Die Initiative Grossen (glp, BE) unterschied sich von den übrigen drei Initiativen insofern, als sie noch einen fünften Absatz beinhaltete. Dieser sah vor, dass nach wie vor – das entsprach dem bisher geltenden Wortlaut des Verfassungsartikels – eine unabhängige Beschwerdeinstanz für Einwände gegen die Inhalte zuständig sein soll.

Medien in die Bundesverfassung (Pa.Iv. 18.473)

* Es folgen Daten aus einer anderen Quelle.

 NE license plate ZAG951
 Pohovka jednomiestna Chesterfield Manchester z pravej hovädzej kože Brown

Deutlich ausführlicher war die Debatte zur Initiative zur Abschaffung der Billag-Gebühren im Nationalrat. Die ursprünglich veranschlagte Zeit reichte aufgrund der langen Liste an Einzelrednerinnen und -rednern nicht aus, so dass eine zusätzliche Open-End-Sitzung eingelegt werden musste. Eine Kommissionsminderheit Rutz (svp, ZH) hatte zuvor einen direkten Gegenvorschlag formuliert, der die Abgabe für Haushalte auf höchstens 200 Franken begrenzen und für Unternehmen gänzlich streichen wollte. Somit würde das Budget der SRG und der regionalen Radio- und Fernsehsender ungefähr halbiert. Gregor Rutz bewarb seinen Gegenvorschlag als Mittelweg zwischen den Extremvarianten „keine Einsparungen“ und „vollständige Streichung der Gebühren“. Der Gegenvorschlag solle es der SRG trotz Einsparungen erlauben, ihre Aufgaben – den Schutz sprachlicher Minderheiten und die Förderung der nationalen Kohäsion – zu erfüllen. Eine zweite Minderheit Rutz beantragte, die Initiative Volk und Ständen zur Annahme zu empfehlen.

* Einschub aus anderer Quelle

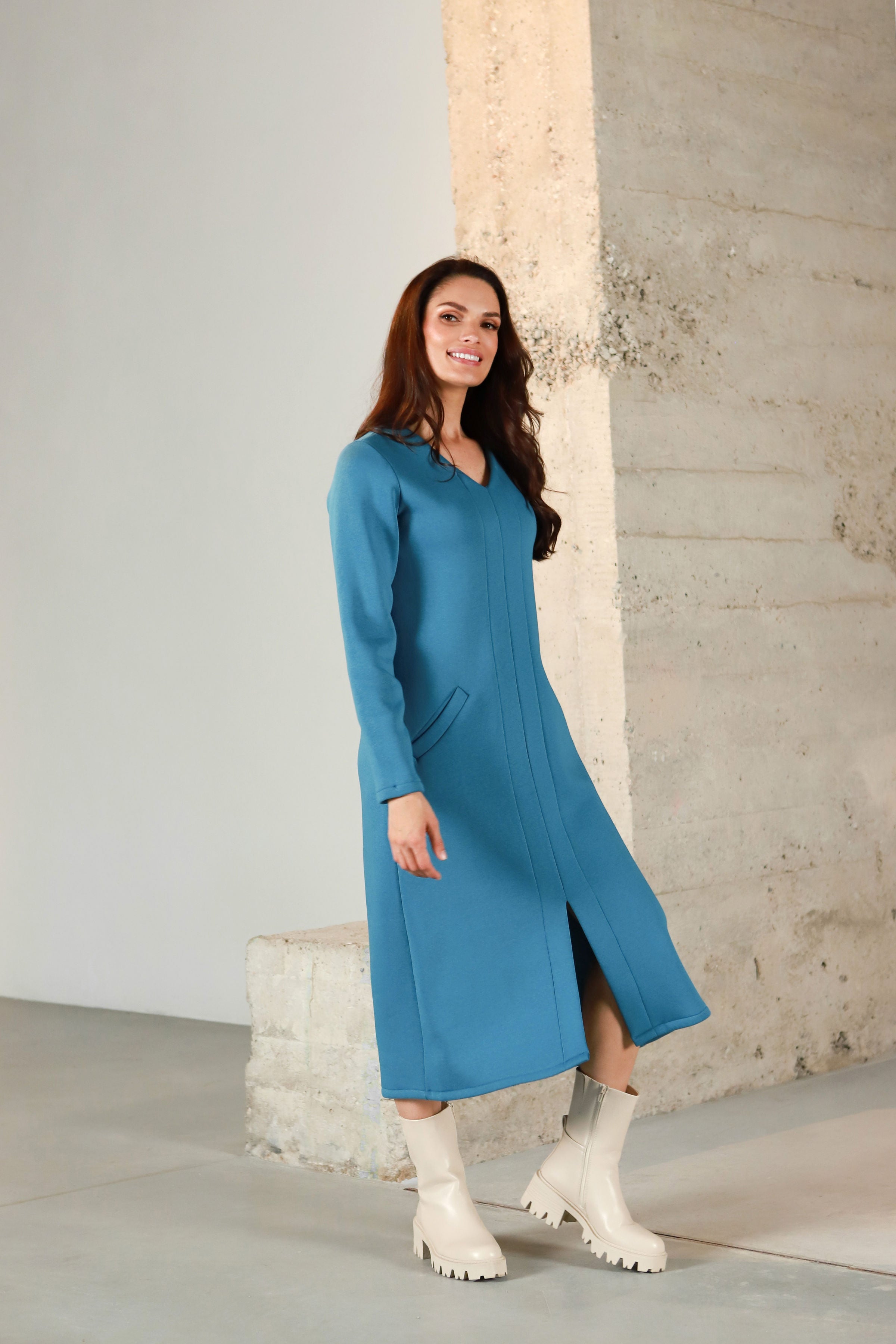 Lega Cotton Dress With Fluff Inside Amara Turquoise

Anklang fand der Gegenvorschlag vor allem bei Parlamentarierinnen und Parlamentariern der SVP. So wurden wie bereits im Ständerat insbesondere die Abgabe für Unternehmen und das Machtmonopol der SRG, gegen das private Anbieter nicht ankämen, kritisiert. Einen Schritt weiter ging Adrian Amstutz (svp, BE), der das Machtmonopol der SRG auch auf die Politik bezog: Die Abhängigkeit zwischen Politik und der SRG sei so gross geworden, dass man sich auf Seiten der anderen Parteien nicht mehr traue, die SRG zu kritisieren. Dies führe umgekehrt zu mehr Kritik an der SVP in den SRG-Programmen. Toni Brunner (svp, SG) wies überdies darauf hin, dass sich die SRG die sogenannte No-Billag-Initiative durch ihr rücksichtsloses Handeln selbst eingebrockt habe. Als „stolzes Mitglied des Initiativkomitees der No-Billag-Initiative“ meldete sich auch Lukas Reimann (svp, SG) zu Wort. Er kritisierte die „Zwangsgebühren“, die auch Personen zahlen müssten, die keinen Fernseher haben oder die das Programm der SRG nicht brauchen. So führe die Annahme der No-Billag-Initiative zu einer grösseren Medienvielfalt, gar zum Durchbruch der Medienfreiheit, weil die Dominanz durch die SRG wegfalle. Sie setze zudem die Kaufkraft von 1,35 Milliarden Franken pro Jahr frei und kurble so die Wirtschaft an.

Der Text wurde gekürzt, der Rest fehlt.